* **WHAT NEEDS TO BE DONE**
Reproduce the entries beneath exactly, without their images.

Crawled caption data
- - -
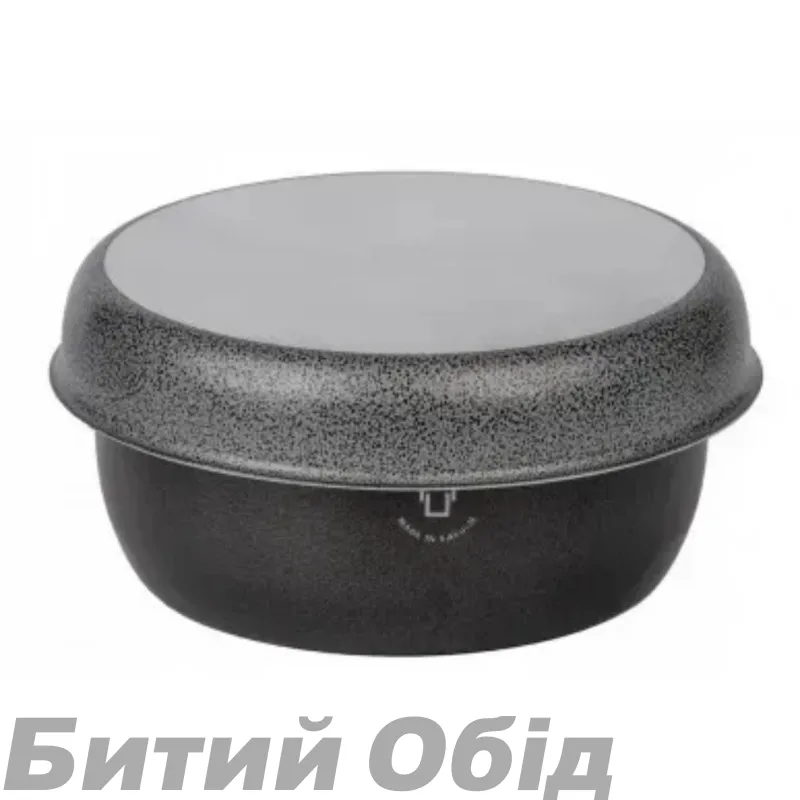 Набір посуду Trangia Tundra I 1.75/1.5 л (два котелки, сковорода, ручка, чохол)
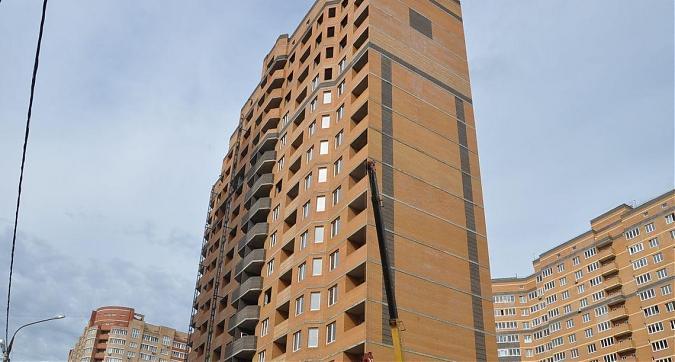ЖК Чайка, 2-й корпус, вид с восточной стороны Квартирный контроль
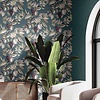 Thai Behang met bladerenprint - 26437 Thai Behang met bladerenprint - 26437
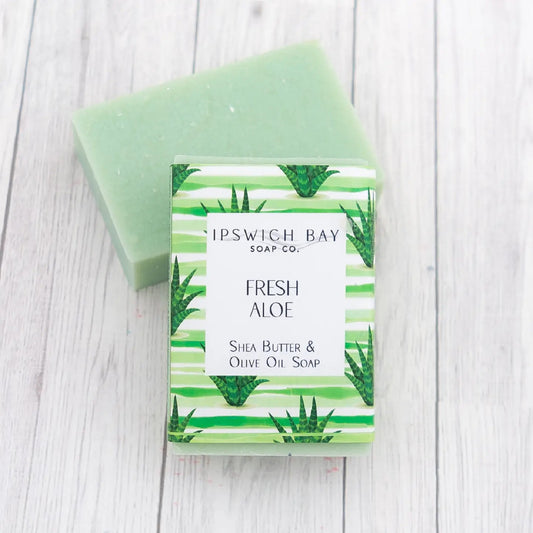 Shea Butter Bar Soap | Fresh Aloe - The Mirrored Past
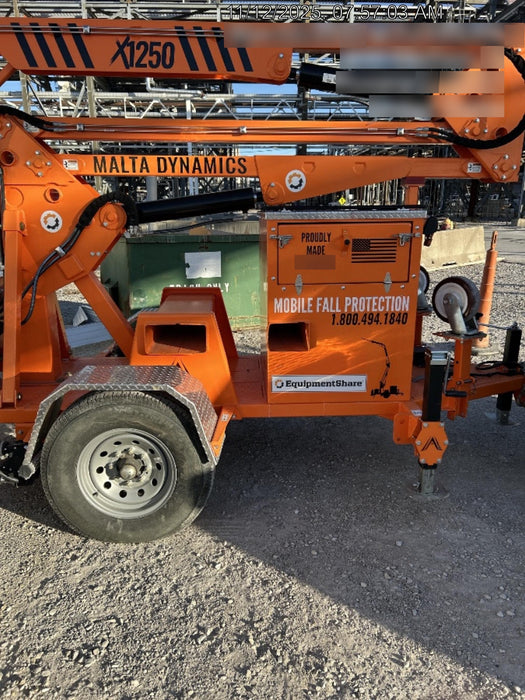 2025 MALTA DYNAMICS X1250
- - -
* **REPLY TO THE TASK**
 Набір посуду Trangia Tundra I 1.75/1.5 л (два котелки, сковорода, ручка, чохол)
ЖК Чайка, 2-й корпус, вид с восточной стороны Квартирный контроль
 Thai Behang met bladerenprint - 26437 Thai Behang met bladerenprint - 26437
 Shea Butter Bar Soap | Fresh Aloe - The Mirrored Past
 2025 MALTA DYNAMICS X1250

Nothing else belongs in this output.